Je pense qu’il est utopique de croire que le député, élu par circonscription, peut, une fois élu se détacher de sa circonscription pour « s’élever » vers la dimension nationale. Il est vrai que tenir ce type de discours, c’est entériner une déviance, mais je crois que cette déviance est inévitable (voire nécessaire ?). Chaque député tient une permanence dans SA circonscription et beaucoup de citoyens le considèrent comme leur seul référent à l’échelle national.
Quant au sort du Sénat, je suis pour sa suppression dans l’état actuel des choses, mais il faudrait réfléchir à sa transformation en organe de « représentation social » (les travailleurs ?), en adaptant bien sur ses prérogatives. Si la représentation des territoires n’est plus pertinente aujourd’hui (mobilité accrue, le processus de décentralisation donne une visibilité nouvelle aux territoires), celles des travailleurs l’est plus que jamais dans un contexte de réforme du code et de la valeur même du travail.

Transférer la totalité de l’ordre du jour à l’AN est évidemment indispensable. Les médias n’en parlent presque pas mais c’est un outil indispensable pour redonner du pouvoir au Parlement.

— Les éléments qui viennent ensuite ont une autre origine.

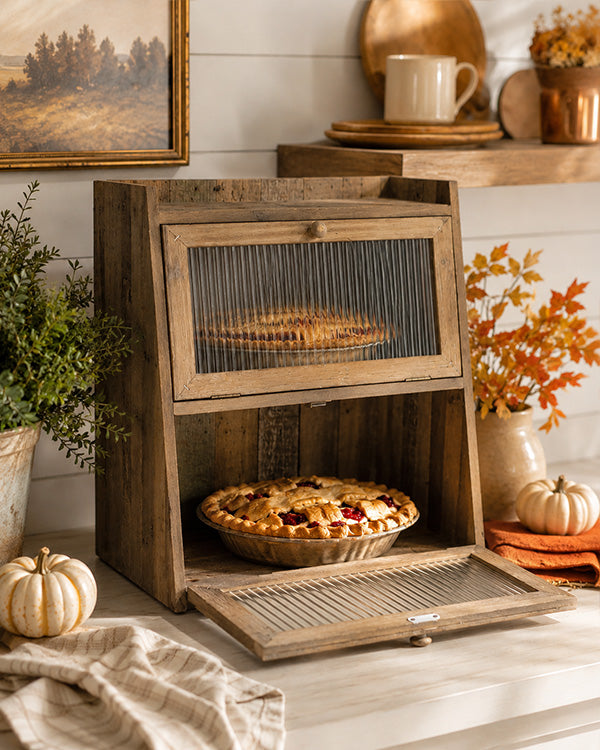 Reclaimed Wood Vintage Pie Safe Cabinet with Glass Doors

Ce système permettra une plus grande liberté de vote des députés (vers la fin de la discipline de vote bête et méchante ? je suis peut être naïve…). En tout cas, je suis convaincue que donner l’ordre du jour à l’AN, c’est l’assurance d’une législation moins axée sur l’actualité, réalisée à la va-vite dans le feu de l’action. Je pense que cela permettra de limiter les effets d’annonce et de jouer sur l’émotion pour faire passer certaines lois (loi sur la rétention de sûreté par exemple).

caroline (sc) a dit…

Pour la question du droit de proposition d’initiative populaire. Je suis tout à fait pour ce genre de réformes qui replace l’individu dans son rôle de citoyen. Mais il faut signaler que ce genre de réforme nécessite une « formation » du citoyen au préalable sans quoi cette réforme risque d’être inutile car peu ou pas utilisée.
En effet, on peut déjà soumettre une pétition à son député. Je doute qu’il y ait une réelle différence d’impact entre une pétition de 1million de personnes et le droit de proposition d’initiative populaire, le dernier mot revenant toujours à l’Assemblée (et donc aux élus).
De plus, j’ai peur que sans formation et sensibilisation à cet outil-citoyen, il soit très peu utilisé. On peut citer l’exemple du référendum décisionnel local qui existe depuis la réforme de mars 2003 et même si l’initiative n’appartient pas « au peuple », c’est un outil de démocratie locale. Or, cet outil est très peu utilisé, notamment car la grande majorité des citoyens ne savent pas que cet outil est disponible. Ils ne font donc pas pression sur leur assemblée locale pour mettre en place des référendums locaux.
De même, il existe au niveau local un droit de pétition permettant aux électeurs d'obtenir l'inscription à l'ordre du jour d'une assemblée locale d'une question relevant de sa compétence. Il est dans les faits très peu utilisé faute d’information.

Anonyme a dit…

Ma proposition,



Hare krishna



...

Pignouf a dit…

Peut-on encore parler de Ve République après une telle proposition ? (que j'approuve globalement).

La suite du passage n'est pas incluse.